Friday, November 4, 2011

How to Keep Engineering Students in Your Engineering Department

I just finished reading this article about why STEM* students change majors. It's a good, albeit kind of long, read, but one that I found really interesting. I was shocked to see some of the statistics on students that drop out or leave the Engineering field while they're in school (I'm going to focus on engineering because that's what I'm studying and thus, is what I have the most experience in).

Perhaps I'm just geared in a way that works well with the curriculum I've been in. Or maybe my school is just different. But either way, it seems to me that my university (Oklahoma Christian University, or OC for short) has a very effective program when it comes to keeping students. I began with 40 students in my Mechanical Engineering Seminar class and ended my Sr level design class with 20 students. Maybe a 50% retention rate sounds poor, but the national average is only a 60% retention. Also, do keep in mind that OC is a private college, so students have to spend about $400/credit, and finances drive a lot of students to other universities. I also don't have a way of knowing if students that didn't make it through OC's engineering program left because they wanted another major or because they just couldn't afford to continue attending. Finally, this is just the retention rate for Mechanical Engineers based on how many people were in my first and final classes. I also don't have access to a list of students that changed to any other type of engineering offered on my campus. So 50% is actually pretty awesome.

I began to wonder what OC does differently. The NY Times article mentioned that a lot of students burn out because they get bogged down in math and theory and didn't get very many hands-on projects to keep them interested. This is what really piqued my interest. At OC, the engineers have several lab-based classes sprinkled throughout the curriculum. For example, my first semester, I had a class called Engineering Computing. This class introduced all of the freshmen to a programming software called MATLAB. We would do a few exercises in MATLAB that involved displaying graphs, which was great because it was a quick and easy way to make sure we had things right and that we were understanding what was going on. After we got the hang of MATLAB, we used K'nex to design and build little golf ball putters. By the end of the semester, we were going to use MATLAB to predict how high to lift the putter to hit a golf ball into a "hole" on the carpet. It was tons of fun.

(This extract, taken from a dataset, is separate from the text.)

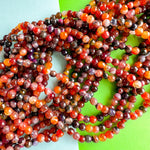 6mm Fire Moon Agate Faceted Round Strand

The next semester (Spring of my Freshman year) I had another class called Engineering Fundamentals. We built a basic robot and used a BASIC Stamp chip to program to help it navigate a maze to find a light bulb. It was a simple robot with two motors to rotate wheels independently and was equipped with photoresistors on the front to detect which direction the light bulb was in, and bumpers to detect walls. That was all. But we had a lot of fun testing them and making them work well. One student even built a circuit on his robot to play the Star Wars theme song when his robot found the light bulb. The professors were encouraging and came around to offer help and to check in to make sure we weren't just too scared to ask for it.

While I didn't have any engineering labs my 3rd semester, I did have them in my 4th, and 5th semesters. Then when I started my final three semesters I was working on my capstone design classes, which may as well have been a lab. So basically, I never got "bogged down in theory" because I had at least one lab that would let me be hands on.

What I think most universities need to do, assuming they want students to stick around in the engineering realm (and have them paying tuition, etc.) would be to incorporate labs into more classes. Do you have a lecture on manufacturing processes and materials? Why not add a lab that involves working in a machine shop? If you have a lecture on controlling dynamic systems, why not have a lab that lets the students try to do that? I had one project in a lab that involved maintaining the temperature inside of a cardboard box, within a certain tolerance, using a light bulb and a fan to heat and cool, respectively. It wasn't something that was excessively difficult, and it was something that helped the whole Dynamic Systems class make a lot more sense. Lab classes are a critical part of a STEM education. Not because they let students practice handling real-world issues, although that is a good thing, but because the sense of accomplishment and, for me, sheer giddiness at times, from being able to make a self-navigating robot that can go around and backs up when it bumps into something while you just sit on the couch while checking in on your Facebook.

So if you want to keep engineers in their majors. Make them take labs, and be sure the professors are obvious about being invested in the success of the students.

And don't grade on a curve. Curves aren't merit-based, and you can lose a lot of brilliant people by making them fail out even though they had an 80% on an exam.